Listening to the commentary on the new Criterion Collection Blu-ray restoration of director Ernst Lubitsch‘s pre-code delight Design For Living, I learned that when adapting films from other mediums, Lubitsch used the premise and little else.
In 1933, he and screenwriter Ben Hecht did just that, and came up with a movie that is full of sophisticated attitudes about men, women, society, and is pretty damn frank about sex.
Of the movie based on his 1933 hit Broadway play Design For Living, Noël Coward said, “I’m told that there are three of my original lines left in the film – such original ones as ‘Pass the mustard’.”
Well, Coward needn’t have minded. The movie that bears his title and credit is pure cinematic gold, and the Criterion presentation is full of extra material that will help modern audiences appreciate how far ahead of its time this 1933 romantic comedy truly was.
The first thing that’s noticeable is the huge amount of sexual innuendo, an Ernst Lubitsch staple. For a director that became known for the witty banter in his movies, Design For Living opens unusually. Gary Cooper, Fredric March, and Miriam Hopkins share a scene on a train that is wordless for many minutes. When the characters do finally speak, it is in French.
Much like Ernst Lubitsch’s 1932 masterpiece Trouble in Paradise, Design For Living is about a love triangle. Rather than two thieves trying to con a rich heiress, however, Design For Living features the bohemian trio of three Americans — a playwright, and artist, and their muse, all living in Paris.
The attraction is immediate, and the three play out all kinds of scenarios, despite the fact that each one knows heartbreak is around the corner for somebody. Then again, why should the constraints of modern society matter to artistic types?

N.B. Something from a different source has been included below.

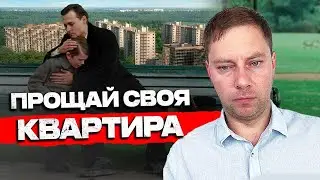 Крах ИПОТЕЧНОЙ недвижимости. Что стало с ИПОТЕКОЙ в конце 2023?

Also, why should women be treated differently than a man in the same situation? Using the metaphor of trying on different hats, Miriam Hopkins some very funny dialogue about this double standard of the sexes — one that still remains today.
Design For Living is more than just a sophisticated romantic comedy. It’s a daring movie that satirizes sexual mores and heaps irony upon irony. If Hollywood tried to remake this movie today, they would probably take the ménage à trois set-up and strip away all the depth, so it cold be reduced to a high-concept piece of crap like Friends With Benefits.
Ernst Lubitsch proved almost 80 years ago that you can take a high-concept situation and infuse it with enough poignancy and eroticism that it could be a truly adult film — not just a film with “adult” content like curse words and nudity.
He also had something to say about the restrictions of the time. Sadly, the film’s criticisms trned out to be all too true, as Design For Living wasn’t made available for re-release after 1934 under strict new rules from the Hays Code.
Criterion’s new high-def digital restoration on DVD and Blu-ray features selected-scene commentary on the visual style of the movie and its predecessor Trouble in Paradise by film scholar William Paul.
Ernst Lubitsch’s segment of the 1932 omnibus film If I Had a Million (The Clerk, starring Charles Laughton) is also included, as well as the British television production of the play Design for Living from 1964, introduced on camera by playwright Noël Coward.
There’s also a new interview with film scholar and screenwriter Joseph McBride on Lubitsch and screenwriter Ben Hecht’s adaptation of the Coward play and an excellent, heartfelt admiration by film critic Kim Morgan.